You know Santa isn’t real because no man over 40 is out past 9PM.
I set my clocks back last night but since then, they haven’t stopped. It is currently 170 million years BC. Pterodactyls attack endlessly. The air is thick with screams. Blockbuster video are doing an amazing three night movie rental for just £5.99.
Pro tip: don’t bother feeding your kids before heading to the grandparent’s house. Either way they will be starving as soon as they walk in.
ME: [sitting in kitchen writing out bills]
SON: I lost a tooth. I’m gonna leave it under my pillow tonight.
ME: I’d wait until next week.
Oh look, it’s bad-decisions-o’clock
If I ran a swamp tour in Florida there’d be a lot of people that wouldn’t make it back to the boat launch.
[train]
GUY: Please take my seat.
ME: *adjusts pillow in my top to feign pregnancy* Thank you.
GUY: How far along are you?
ME: 5 stops.
A movie where humans escape their fences and chase innocent, terrified dinosaurs.
To graduate DJ school you have to pass your vinyls.
This egg could use more egg
– guy about to invent hollandaise sauce
much to think about
people in the Bronze Age actually lived far more luxurious lives than our own. Archaeological evidence indicates that they had vases with octopuses on them. do you have that? didnt think so
Sometimes I think how could anyone not want me and then I read my tweets
Tampon boxes should come with a “It’s not safe to walk around naked with a tampon string hanging out if you own a cat.” warning.

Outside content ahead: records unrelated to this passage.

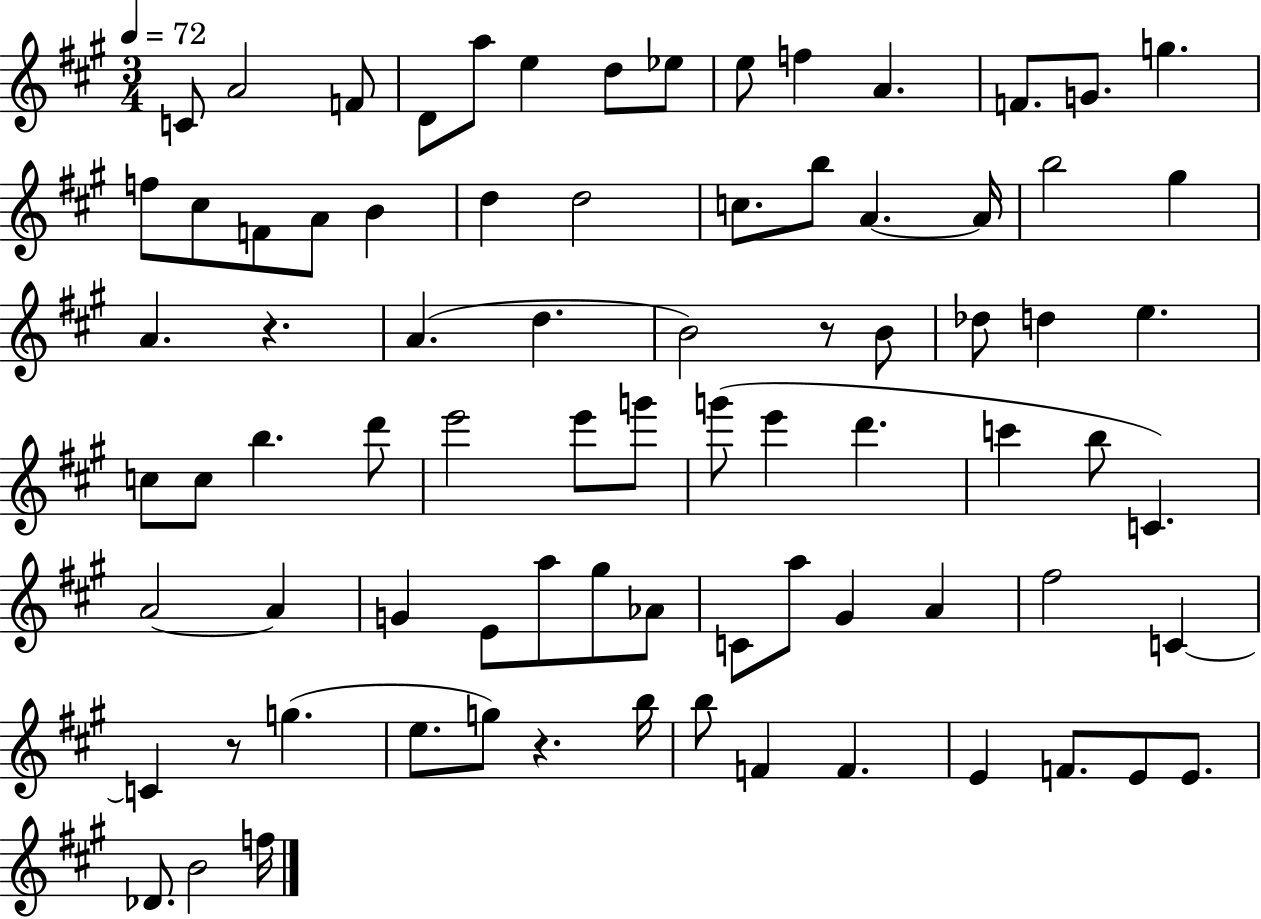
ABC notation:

X:1
T:Untitled
M:3/4
L:1/4
K:A
C/2 A2 F/2 D/2 a/2 e d/2 _e/2 e/2 f A F/2 G/2 g f/2 ^c/2 F/2 A/2 B d d2 c/2 b/2 A A/4 b2 ^g A z A d B2 z/2 B/2 _d/2 d e c/2 c/2 b d'/2 e'2 e'/2 g'/2 g'/2 e' d' c' b/2 C A2 A G E/2 a/2 ^g/2 _A/2 C/2 a/2 ^G A ^f2 C C z/2 g e/2 g/2 z b/4 b/2 F F E F/2 E/2 E/2 _D/2 B2 f/4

If Pepsi was smart… They would make a Coke flavor Pepsi!!!
Martha Stewart gives me the crêpes.
PILOT OVER INTERCOM: alright folks, by a show of hands, who has ever made a small and understandable mistake?
Bring your sick kid to business meetings and watch how fast people get to the point.
Do you think in a parallel universe they just call it parking?
Priest: for what have you come to ask forgiveness, my dear?
Me: my student loans
Priest: [to god] can…can she do that?
“I’m going to slide in and go back and forth until you’re satisfied”
-Floss
*first day of pilot school*
Teacher: It feels like you misheard the class description
Me: Why do you say that
The parrot on my shoulder: Why do you say that
Me: I don’t have a fear of the unknown.
Also me: *stepping on something wet* OH MY GOD! What is that?! Why is it wet?!
me, several minutes after lying about being able to fly a hot air balloon: im just gonna go this way
I studied karate, so now if I’m ever attacked I know multiple ways to warn my attackers that I studied karate.
My dentist has decorated his office with pictures of teeth he has worked on, thank god my gynecologist doesn’t have the same decorator.